Por essa Memória é o homem a praia onde marulham os oceanos de outras vidas, o foco onde se reunem as vibrações etéreas de todos os sóis.

A Tragédia grega, D. Quixote, os Evangelhos, a Divina Comédia, Camões...

D. Quixote é a Bíblia do Ideal!

O Ideal é a ausência duma percepção espiritual, é nessa ausência que se insinua o Mistério...

Eis porque o Ideal é presença invisível mas activa, fecunda presença de realidades superiores que, como o longínquo polo para a agulha, polarizam a vida do homem, embora este as não perceba, nem toque.

D. Quixote é a própria fome do Ideal. Fome insatisfeita no plano de vida terrestre, porque é nesse plano a presença de realidades espirituais excedentes.

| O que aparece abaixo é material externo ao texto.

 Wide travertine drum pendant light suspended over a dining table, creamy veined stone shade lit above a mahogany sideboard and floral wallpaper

Eis porque o D. Quixote é eterno; morto o planeta, êle será ainda em qualquer vida a sua distância a um plano superior.

D. Quixote vive em todos os homens, são as próprias asas do seu sonho, é a ausência e o desejo de Deus.

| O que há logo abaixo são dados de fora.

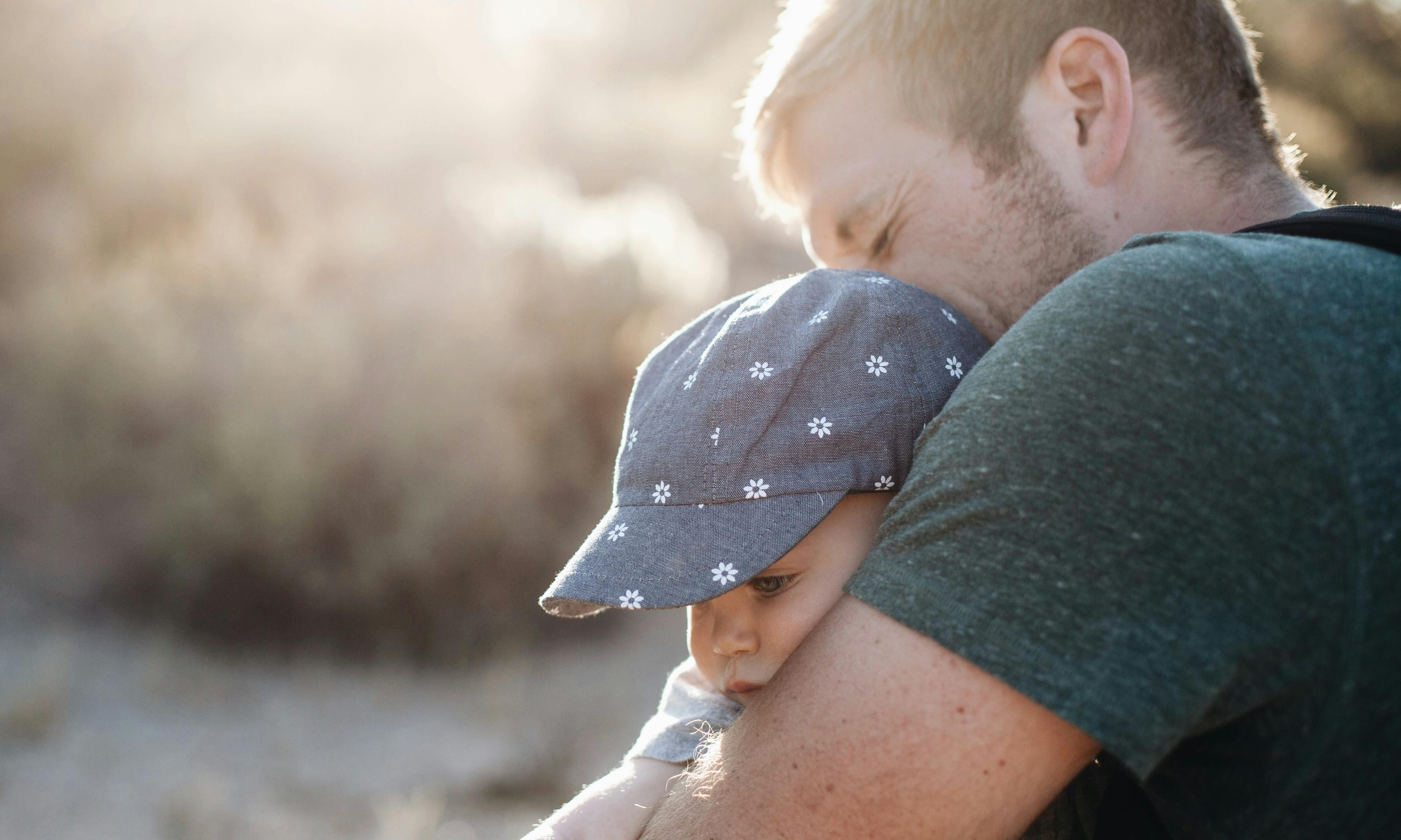 A man lovingly interact with a baby | Source: Pexels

Sob êsse ponto de vista, todo o esforço para a consciência, que é a própria linha de evolução dos mundos, da vida e do homem, a sciência, a arte e a moral, é uma sedução quixotesca, é o influxo superior que uniu a alma de Cervantes às realidades espirituais transcendentes.

D. Quixote é o Ideal; o Evangelho é a própria visão espiritual exaltada aos planos superiores da divindade.

D. Quixote é o cego impelido para a Beleza por um pressentimento interior; Cristo é a própria Luz abrindo olhos de percepção espiritual na máscara pávida do homem.